Learning to see the magic

Your ticket says the performance will begin at 8PM. At 7:57 the house lights dim. At 7:59 the house lights go out and the orchestra begins to play the overture. At 8:02 the curtain rises, the lights come up, and the performance begins. You’re lucky and a magical performance unfolds over the next two hours.

Wind the clock back to 7:30. Behind the curtain, just offstage, is the stage manager, dressed in black jeans and a black turtleneck. He speaks into a headset, “call is half hour”. The message is relayed and acknowledged by actors, stage hands, electricians, sound techs, props manager and others. The House Manager calls from the lobby; it’s a full house.

Energy is building.

At 7:53, the stage manager steps over to a small podium holding a 3-ring binder with the stage manager’s cue book illuminated by a small lamp. The magic making is about to begin.

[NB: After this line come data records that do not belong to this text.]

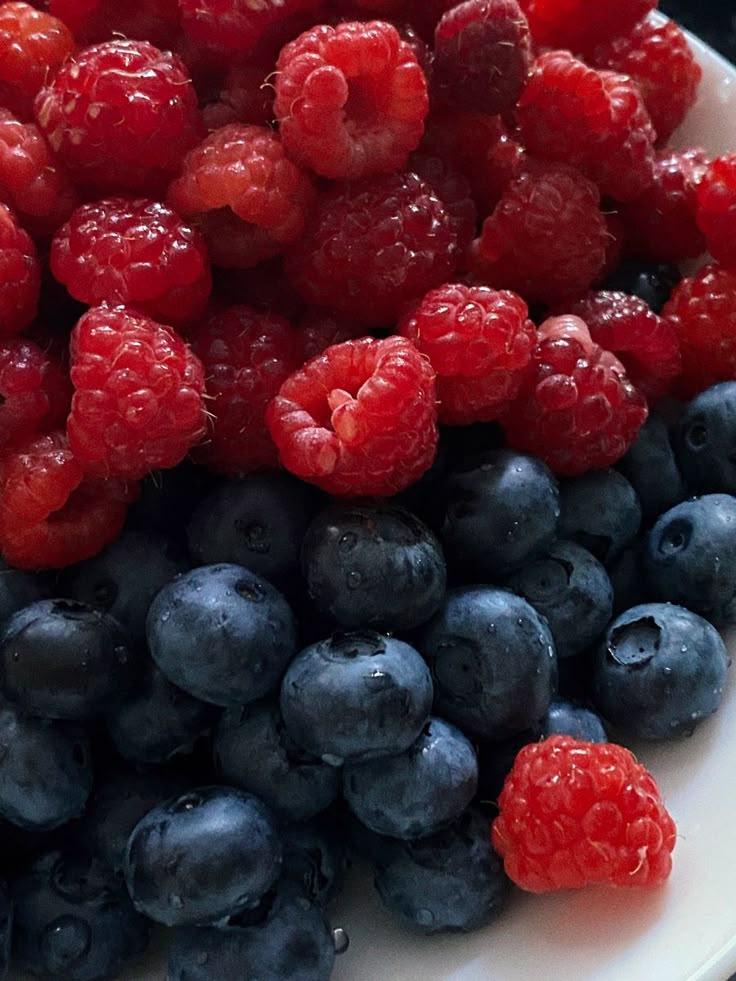 Berry Bounty: Handpicked Harvest Delights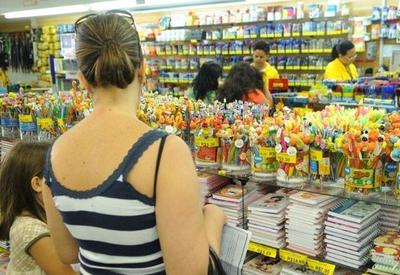 Materiais escolares devem ficar até 30% mais caros em 2022 Materiais escolares devem ficar até 30% mais caros em 2022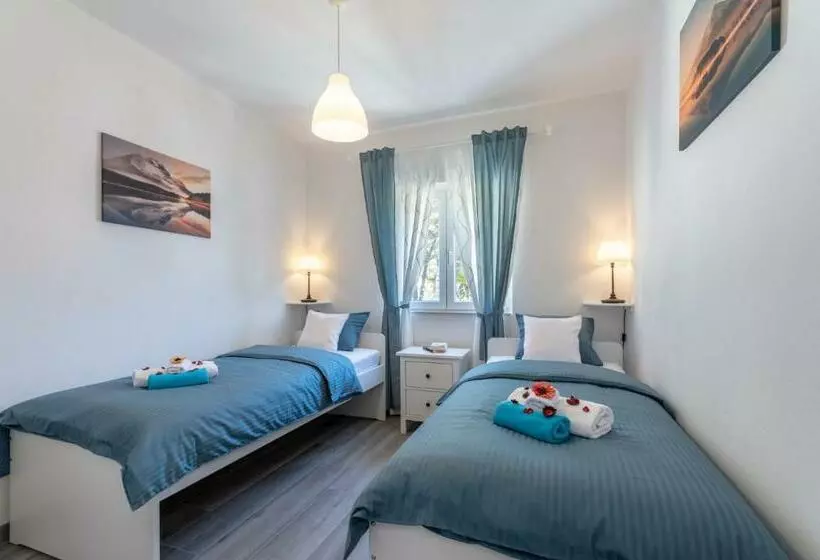 Seaview Apartment Toni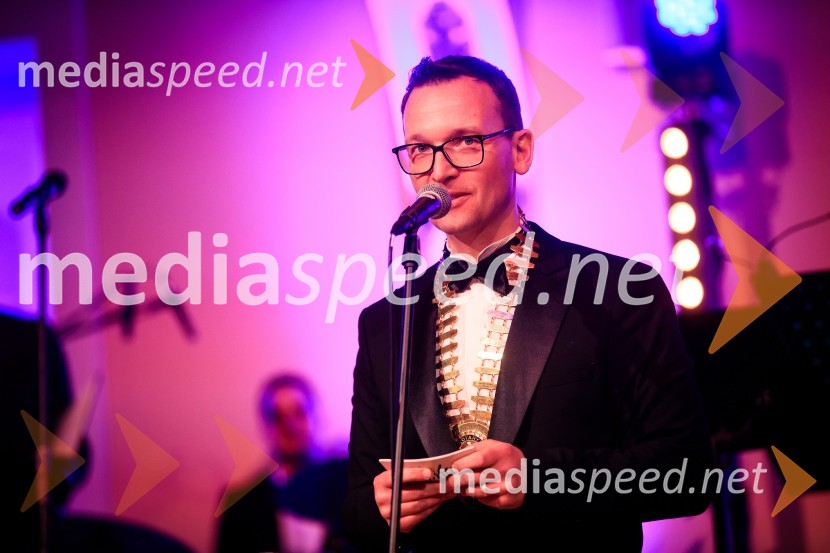  Edvard Škodič, predsednik Rotary klub Ljubljana 2018/201930. veliki rotarijski ples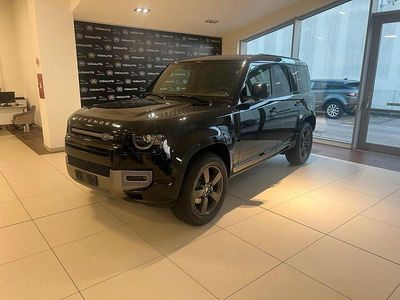 Second-hand Land Rover Defender HSE Dynamic 249 CP (183 kW) 2024 Negru SUV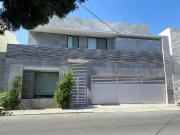 CASA EN VENTA ZONA DE LOS RIOS SPGG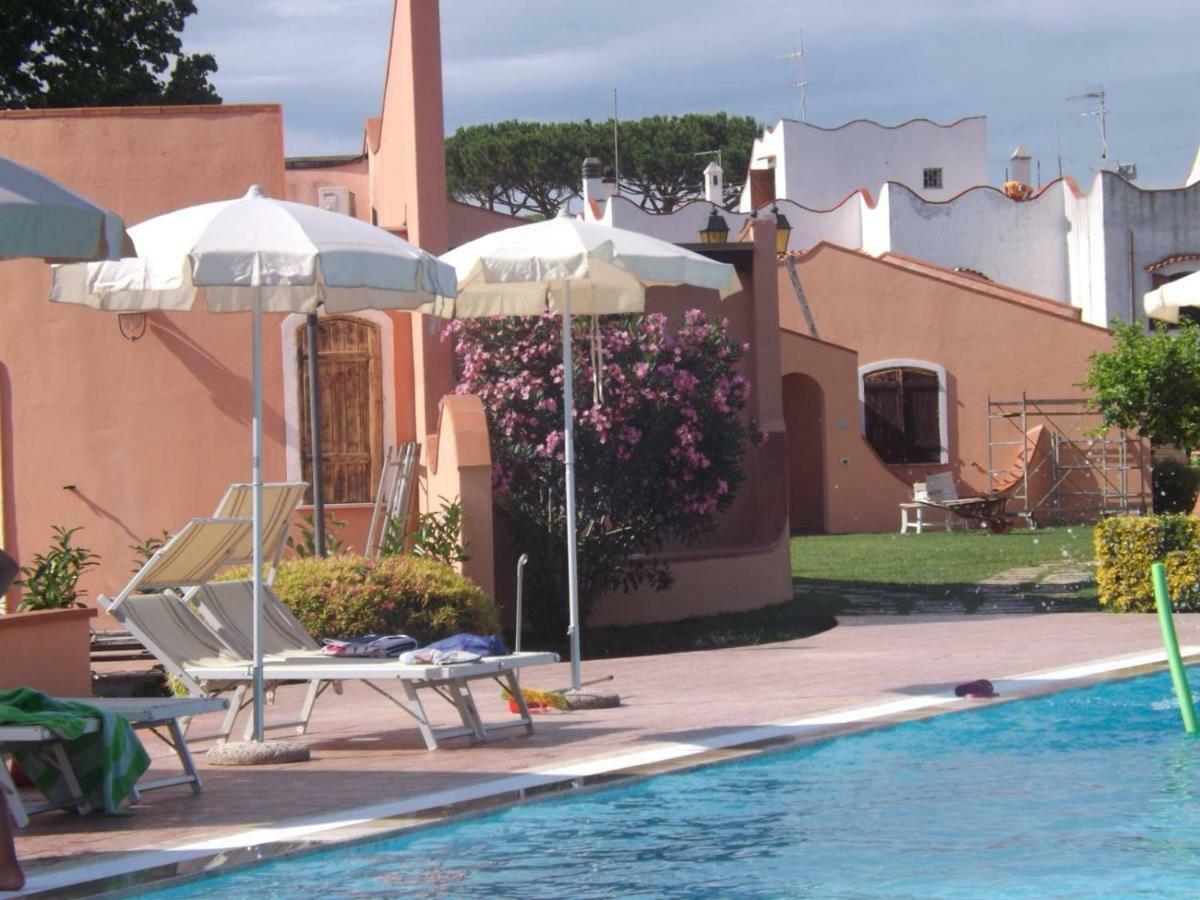 Hotel Ristorante Al Canto Delle Sirene テッラチーナ エクステリア 写真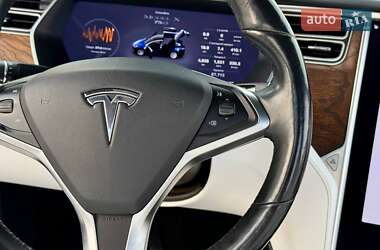 Позашляховик / Кросовер Tesla Model X 2016 в 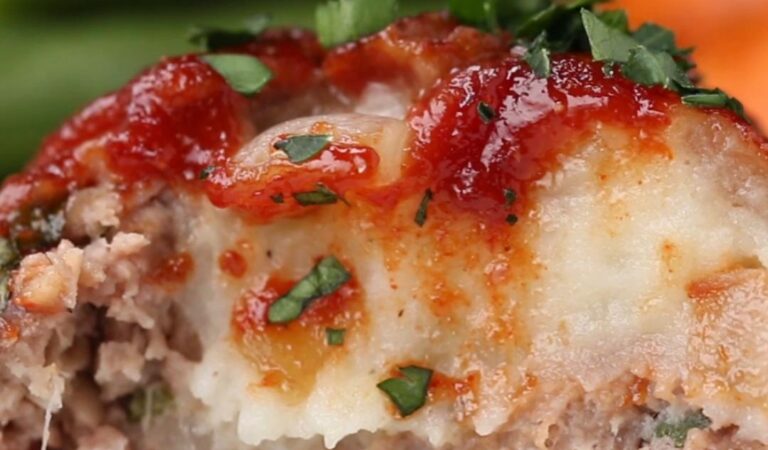 Potato-Wrapped Meatloaf: A Delicious Twist on a Classic Dish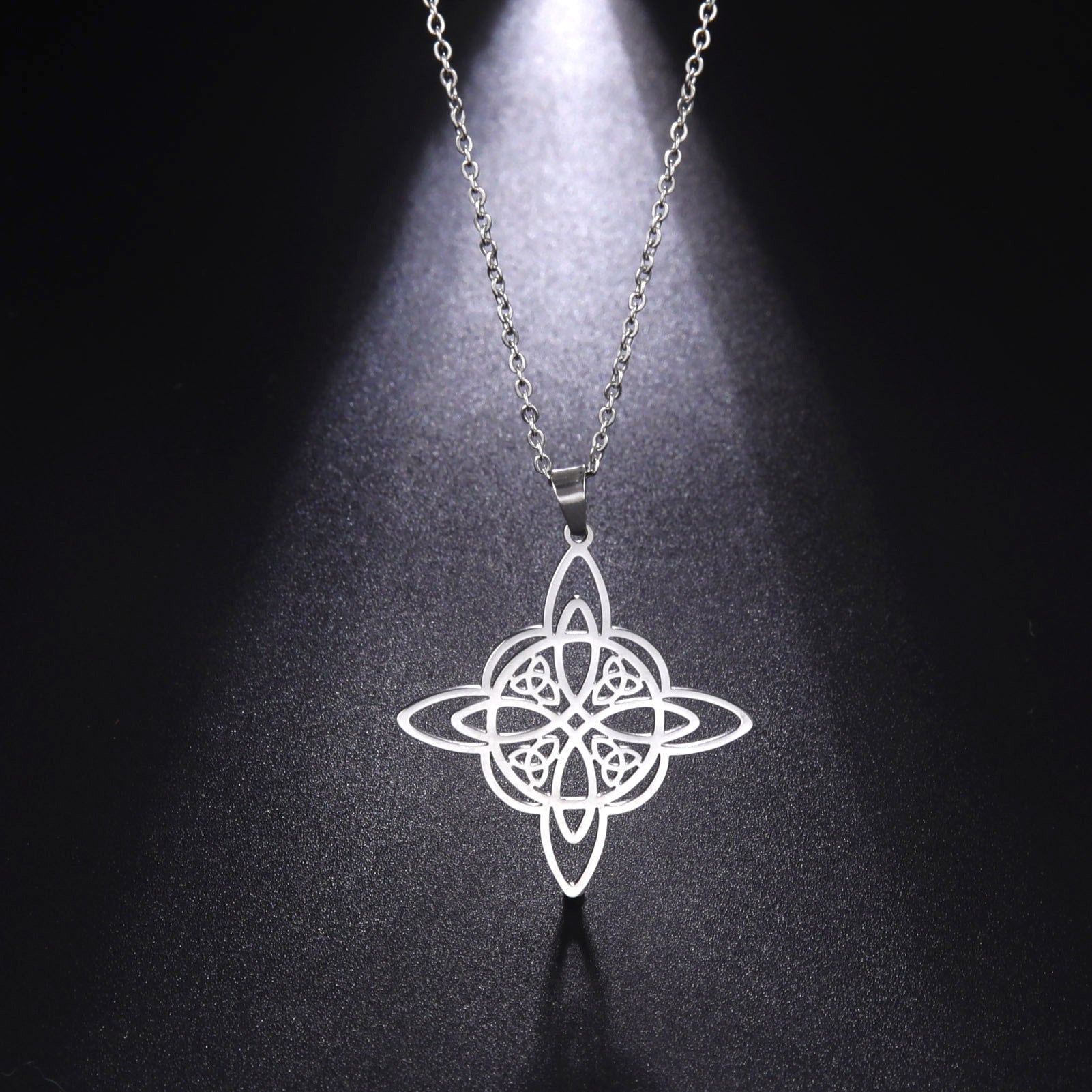 Women's Fashion Material Stainless Steel Necklace
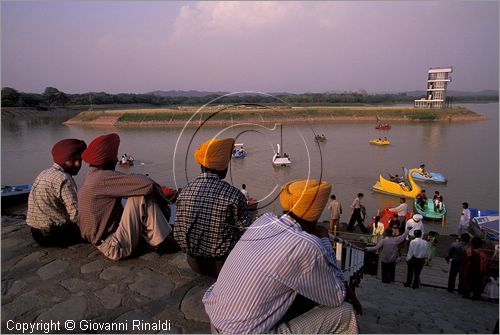 INDIA (PUNJAB) - CHANDIGARH - citt interamente progettata da Le Corbusier negli anni '50 - laghetto artificiale (Sukhna Lake)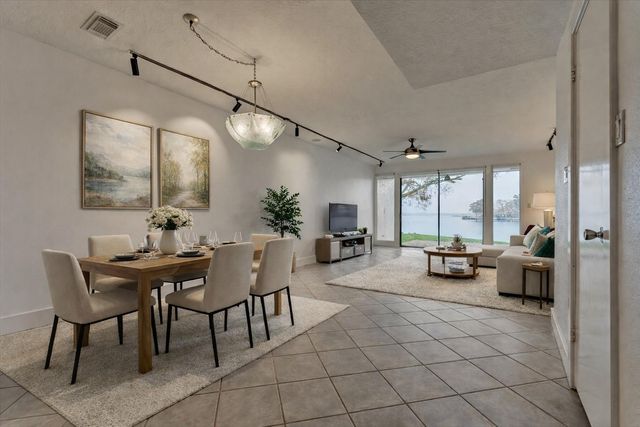 1427 Bowsprit Point, Willis, TX 77318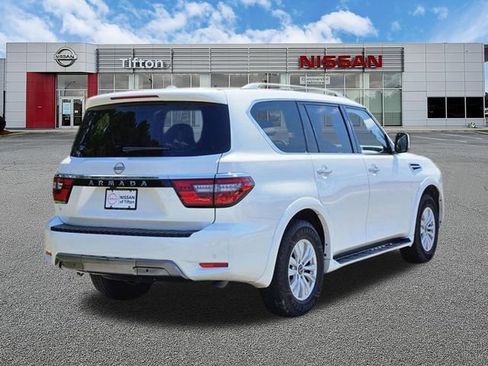 Certified 2024 Nissan Armada SV w/ Cargo Package AWD/4WD image 4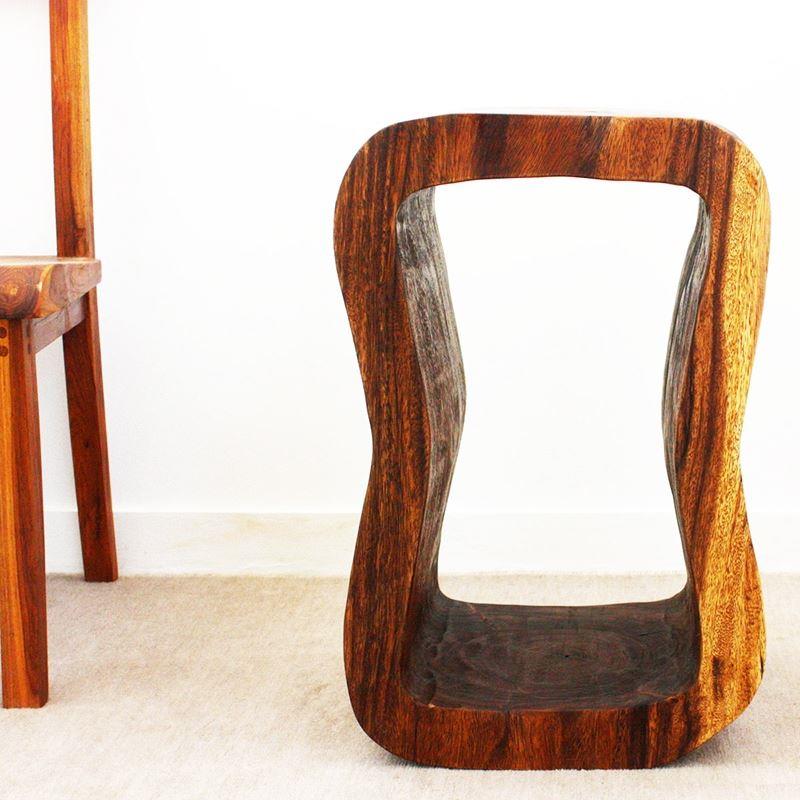 Haussmann Wave Bench 24" Walnut | Stools & Benches | Modishstore-4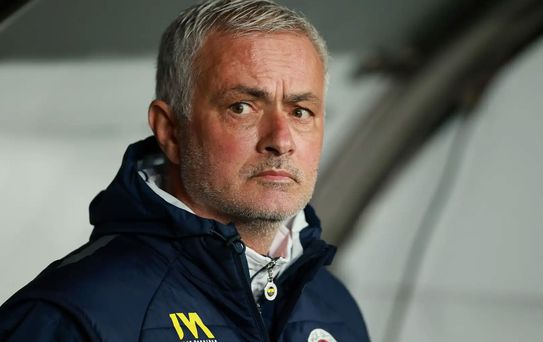 Gittiğine bin pişman oldu! Fener'den kovulan Mourinho'ya büyük şok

7:55 – “call is 5 minutes”
7:57 – “Places. House to half”
7:59 – “house out”
“stand by 1”
The overture begins
“Go 1”
8:02 The stage manager gives a hand signal to a stage hand to raise the curtain
“Stand by 2”
“Go 2”
The lead makes her first entrance up stage center

Two hours later, two hundred lighting and sound cues successfully executed, lines performed, the curtain comes down.


Curtain calls.

Most of us are content to enjoy the magic. Some wonder how the magic gets made. Some want to be part of making the magic.

You can’t guarantee that the magic will happen. What you can do is bring the pieces together, practice, observe what happens, adjust, and repeat. What separates the magical from the banal is the quality of observing and adjusting.

What can you learn to see? How finely can you learn to adjust?